• _Data_:

┌──

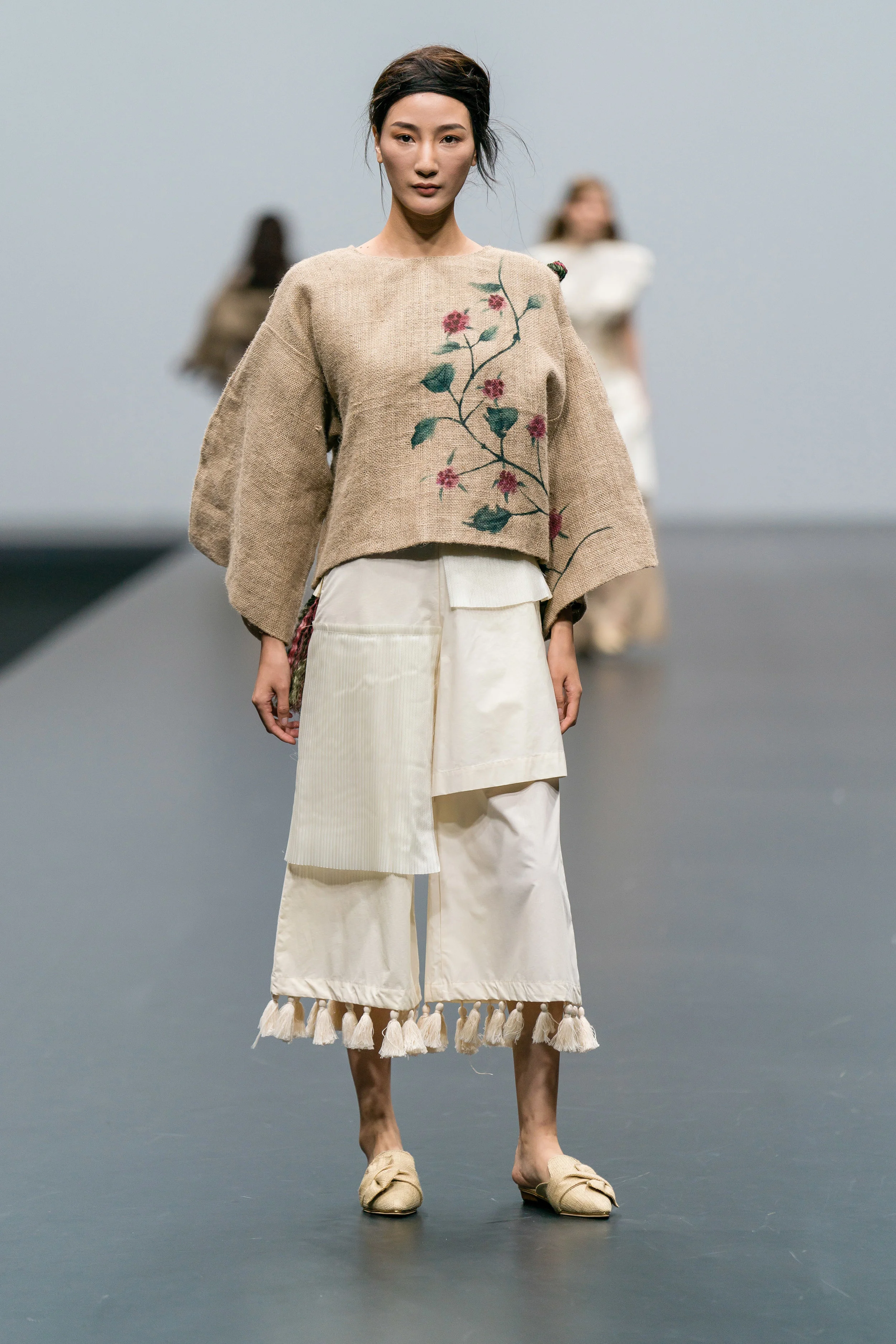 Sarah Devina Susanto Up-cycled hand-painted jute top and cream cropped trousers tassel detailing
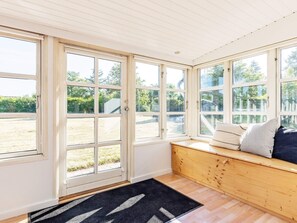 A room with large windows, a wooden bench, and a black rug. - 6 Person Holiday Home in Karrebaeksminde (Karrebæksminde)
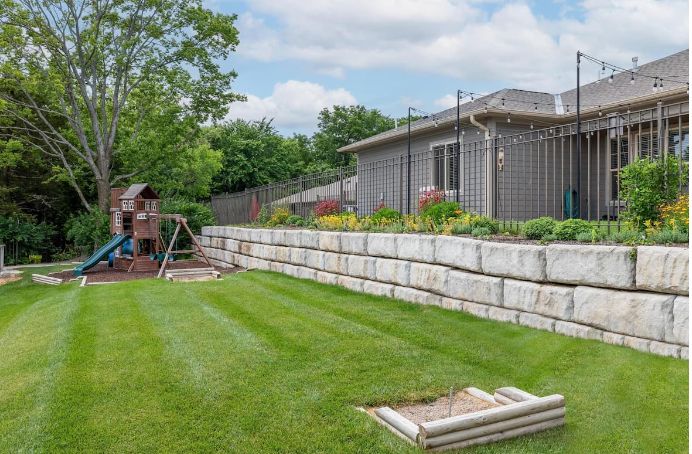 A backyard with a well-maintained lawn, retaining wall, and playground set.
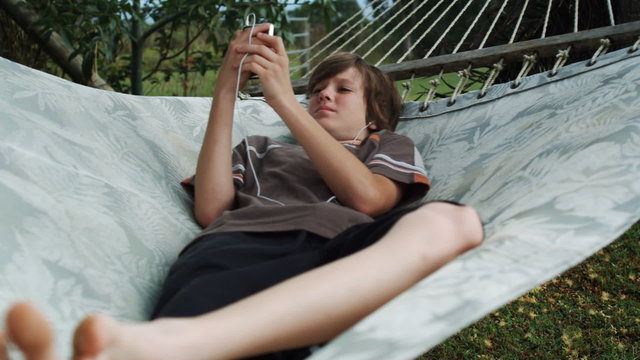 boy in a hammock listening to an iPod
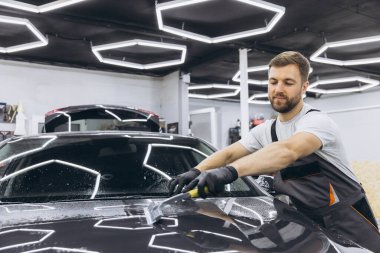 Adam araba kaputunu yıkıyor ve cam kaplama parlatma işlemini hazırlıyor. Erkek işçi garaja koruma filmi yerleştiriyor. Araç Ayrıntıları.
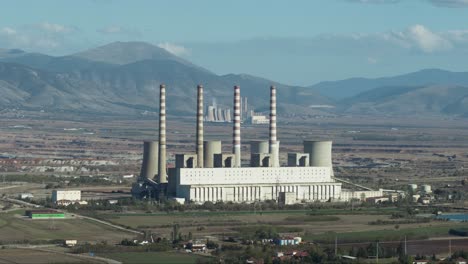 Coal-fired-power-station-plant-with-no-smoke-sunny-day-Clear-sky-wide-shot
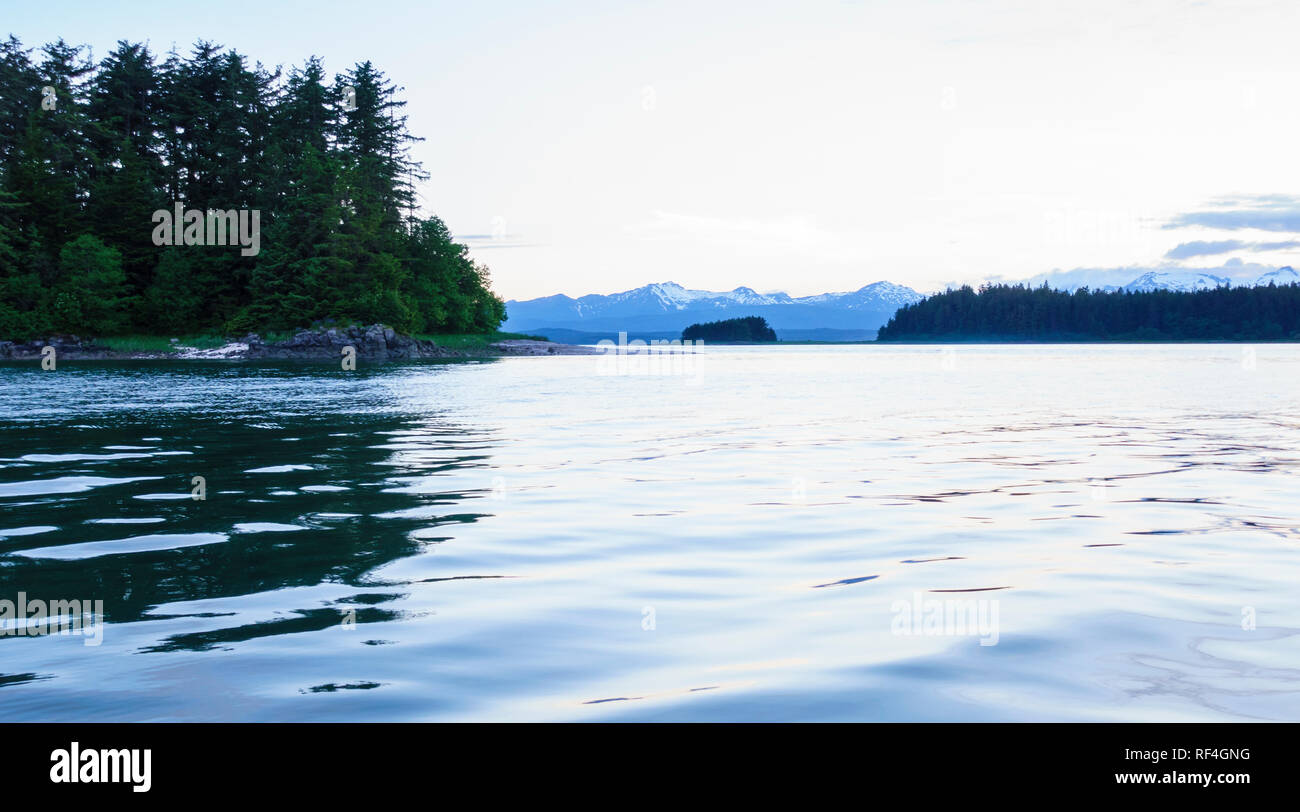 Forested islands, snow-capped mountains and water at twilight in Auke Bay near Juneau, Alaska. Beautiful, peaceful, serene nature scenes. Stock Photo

└──
┌──

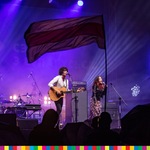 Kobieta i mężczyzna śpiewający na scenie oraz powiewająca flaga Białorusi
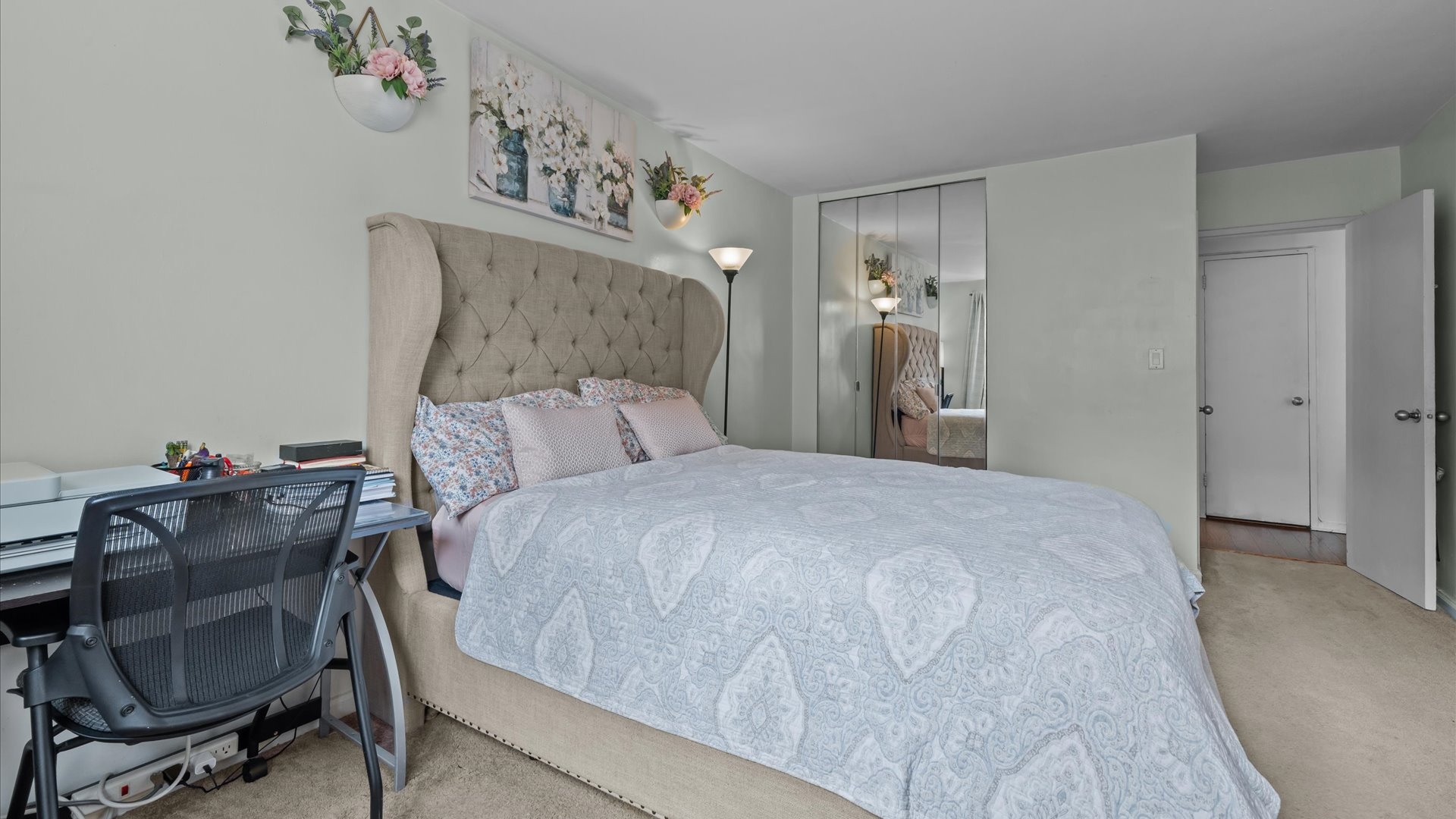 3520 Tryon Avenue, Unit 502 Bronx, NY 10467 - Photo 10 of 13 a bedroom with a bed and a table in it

└──

• _What you are asked to do_: Above are the records; copy from them only the lines starting at the one containing "boy in a hammock listening to an iPod" and ending at the one containing "Forested islands, snow-capped", exactly and without pictures.

• _Solution_:
 boy in a hammock listening to an iPod
 Adam araba kaputunu yıkıyor ve cam kaplama parlatma işlemini hazırlıyor. Erkek işçi garaja koruma filmi yerleştiriyor. Araç Ayrıntıları.
 Coal-fired-power-station-plant-with-no-smoke-sunny-day-Clear-sky-wide-shot
 Forested islands, snow-capped mountains and water at twilight in Auke Bay near Juneau, Alaska. Beautiful, peaceful, serene nature scenes. Stock Photo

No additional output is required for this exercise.